TASK DIRECTIONS
Examine the records and identify each line that includes the string "with". Copy those lines.

AVAILABLE DATA section start

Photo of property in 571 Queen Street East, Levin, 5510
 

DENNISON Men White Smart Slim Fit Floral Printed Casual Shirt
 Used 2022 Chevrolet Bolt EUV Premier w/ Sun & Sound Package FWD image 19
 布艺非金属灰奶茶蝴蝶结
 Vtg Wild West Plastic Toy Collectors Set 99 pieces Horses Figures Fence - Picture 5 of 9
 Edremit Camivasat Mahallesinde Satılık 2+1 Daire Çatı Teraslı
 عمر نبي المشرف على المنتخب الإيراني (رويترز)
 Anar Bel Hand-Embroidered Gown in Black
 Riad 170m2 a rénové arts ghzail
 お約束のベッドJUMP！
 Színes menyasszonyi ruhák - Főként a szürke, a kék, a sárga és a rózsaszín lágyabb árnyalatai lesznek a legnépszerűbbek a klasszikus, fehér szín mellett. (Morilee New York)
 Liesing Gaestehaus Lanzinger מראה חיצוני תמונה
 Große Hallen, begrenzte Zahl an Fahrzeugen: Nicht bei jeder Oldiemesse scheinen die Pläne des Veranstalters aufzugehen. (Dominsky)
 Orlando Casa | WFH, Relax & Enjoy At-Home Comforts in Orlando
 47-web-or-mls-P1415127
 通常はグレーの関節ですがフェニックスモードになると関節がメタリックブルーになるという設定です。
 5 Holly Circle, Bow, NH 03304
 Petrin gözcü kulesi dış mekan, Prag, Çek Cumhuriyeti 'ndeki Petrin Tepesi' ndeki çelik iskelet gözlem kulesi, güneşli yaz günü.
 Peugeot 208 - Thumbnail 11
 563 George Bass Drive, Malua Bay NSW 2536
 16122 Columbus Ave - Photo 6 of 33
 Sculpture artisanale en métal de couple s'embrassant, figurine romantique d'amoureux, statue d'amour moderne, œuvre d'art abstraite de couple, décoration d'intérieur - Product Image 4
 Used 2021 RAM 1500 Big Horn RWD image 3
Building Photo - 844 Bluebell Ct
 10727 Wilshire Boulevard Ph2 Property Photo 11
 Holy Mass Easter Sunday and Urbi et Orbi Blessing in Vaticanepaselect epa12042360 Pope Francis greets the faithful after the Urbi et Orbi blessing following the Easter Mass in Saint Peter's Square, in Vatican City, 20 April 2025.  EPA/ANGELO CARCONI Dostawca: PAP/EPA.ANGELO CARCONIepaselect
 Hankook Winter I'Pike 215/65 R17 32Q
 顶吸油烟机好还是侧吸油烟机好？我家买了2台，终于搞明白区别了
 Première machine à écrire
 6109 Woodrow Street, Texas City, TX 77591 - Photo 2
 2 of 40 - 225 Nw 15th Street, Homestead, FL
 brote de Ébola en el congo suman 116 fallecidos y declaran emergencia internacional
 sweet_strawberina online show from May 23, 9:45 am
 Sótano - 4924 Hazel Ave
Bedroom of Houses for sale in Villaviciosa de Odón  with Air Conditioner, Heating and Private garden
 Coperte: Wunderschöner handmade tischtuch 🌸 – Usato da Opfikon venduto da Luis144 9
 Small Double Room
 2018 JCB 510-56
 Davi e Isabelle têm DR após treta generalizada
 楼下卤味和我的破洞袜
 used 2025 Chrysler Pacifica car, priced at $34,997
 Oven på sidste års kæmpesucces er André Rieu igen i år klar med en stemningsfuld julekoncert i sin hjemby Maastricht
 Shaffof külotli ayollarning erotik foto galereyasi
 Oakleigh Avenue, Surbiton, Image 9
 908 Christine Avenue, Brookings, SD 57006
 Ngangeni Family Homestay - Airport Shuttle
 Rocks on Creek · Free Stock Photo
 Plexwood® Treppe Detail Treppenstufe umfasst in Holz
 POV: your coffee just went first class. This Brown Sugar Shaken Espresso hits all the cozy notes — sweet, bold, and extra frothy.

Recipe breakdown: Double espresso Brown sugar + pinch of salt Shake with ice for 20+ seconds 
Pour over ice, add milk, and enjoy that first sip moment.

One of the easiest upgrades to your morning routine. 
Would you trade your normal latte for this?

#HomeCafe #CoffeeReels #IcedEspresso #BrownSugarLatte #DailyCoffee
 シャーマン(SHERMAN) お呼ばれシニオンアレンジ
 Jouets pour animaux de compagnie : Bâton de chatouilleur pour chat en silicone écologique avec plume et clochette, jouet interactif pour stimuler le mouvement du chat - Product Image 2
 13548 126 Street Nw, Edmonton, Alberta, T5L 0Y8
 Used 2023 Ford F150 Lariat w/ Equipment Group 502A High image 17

AVAILABLE DATA section end

TASK ANSWER
Bedroom of Houses for sale in Villaviciosa de Odón  with Air Conditioner, Heating and Private garden
Recipe breakdown: Double espresso Brown sugar + pinch of salt Shake with ice for 20+ seconds 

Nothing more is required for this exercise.